Business prepares for move to Arundel

Kate’s Homemade Butter shares success story
By Marc Filippino
Staff Writer

OLD ORCHARD BEACH – All of Lucas Patry’s life, his family’s business, Kate’s Homemade Butter, has been located in his home in on Fern Park Road in Old Orchard Beach.

Now, with Kate’s move to Arundel less than a year away, Patry said it is his responsibility to make sure Kate’s will still be a part of the community where it grew.

One of the ways Patry hopes to do this is through his yearly visit to Old Orchard Beach High School to educate Ann Nash’s culinary arts class about butter.

On Friday, Oct. 26, Patry spent the day at the high school explaining the history of Kate’s butter and how butter is made. Patry provided students with bags of cream they whipped to make butter and buttermilk.

Nash, who invited Patry into her class four years ago during her first year at Old Orchard Beach High School, said Patry’s visits are not only fun for students, but it’s also important for them to see the success of a local business.

And the Patry family has seen its fair share of success in the company’s 31-year history. Kate’s only uses four family members in the daily production of 150,000 pounds of butter. Annually, Kate’s makes roughly 1.2 million pounds of butter in a business concentrated in New York and New England, but also ships products down the East Coast and to Chicago and Nevada.

In September, The New York Times profiled Kate’s Homemade Butter for its production of real buttermilk, or the liquid that remains once the cream is churned and the butter molds together.

“They’re right here in Old Orchard Beach,” Nash said. “I always talk about Kate’s butter in hopes the students will tell their parents and they will buy it.”

For freshman Mariah Bouthiller, Patry’s visit was special since she grew up on Patriot Way, just down the street from Kate’s Homemade Butter.
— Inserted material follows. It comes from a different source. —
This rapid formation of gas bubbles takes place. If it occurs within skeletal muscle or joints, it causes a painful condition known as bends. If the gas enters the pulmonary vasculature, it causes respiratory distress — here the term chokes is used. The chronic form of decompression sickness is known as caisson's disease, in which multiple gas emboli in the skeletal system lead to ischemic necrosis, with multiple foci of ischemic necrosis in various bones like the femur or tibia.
“It’s really awesome to be making their butter,” Bouthillier said. “I’ve never met anyone or made butter before, but I always see the truck and the tanker around my house.”

Bouthiller said she will be sad to see Kate’s leave Old Orchard Beach this summer, when the company moves to its new home on Alfred Road in Arundel. Patry said there simply isn’t enough room in their home for the mass production process.
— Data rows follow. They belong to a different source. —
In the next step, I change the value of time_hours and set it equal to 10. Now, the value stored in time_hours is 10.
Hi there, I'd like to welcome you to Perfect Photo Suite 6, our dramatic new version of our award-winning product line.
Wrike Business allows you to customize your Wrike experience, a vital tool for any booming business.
“As our business grows, the best place for us is by a big road and we will be right by Route 111,” Patry said.

Patry also said Kate’s will hire people from outside the family, something the company generally avoids. Patry said it would be difficult for Kate’s to meet the company’s needs with only four people in the production department.

“When you have a business dealing with food you try to only use family because then you will make less mistakes,” Patry said. “You know the people you’re working with and know that they care, and avoid the risk of hiring someone who isn’t committed.”

Patry understands there might be some changes, but will not sacrifice his relationship with Old Orchard Beach. Patry makes it quite clear he will still be available to the Old Orchard Beach community.

“It’s not a company’s responsibility to educate their kids, but I make it mine,” Patry said. “For me it’s important they know where their food comes from. Most younger kids will tell you it’s from the grocery store.”

Patry finished the class by inviting students to drink their freshly made buttermilk with cinnamon and powdered sugar and spreading their butter on bagels. Finally the students ended with ice cream topped with maple syrup.

To stay part of his community Patry will continue to work closely with Old Orchard Beach schools, including a surprise project he will be working on with the elementary school in January.

Patry said he didn’t want to reveal too much about the project, but said it would have to do with ice cream flavors.

“It’s important to be here,” Patry said. “I enjoy it and they enjoy it.”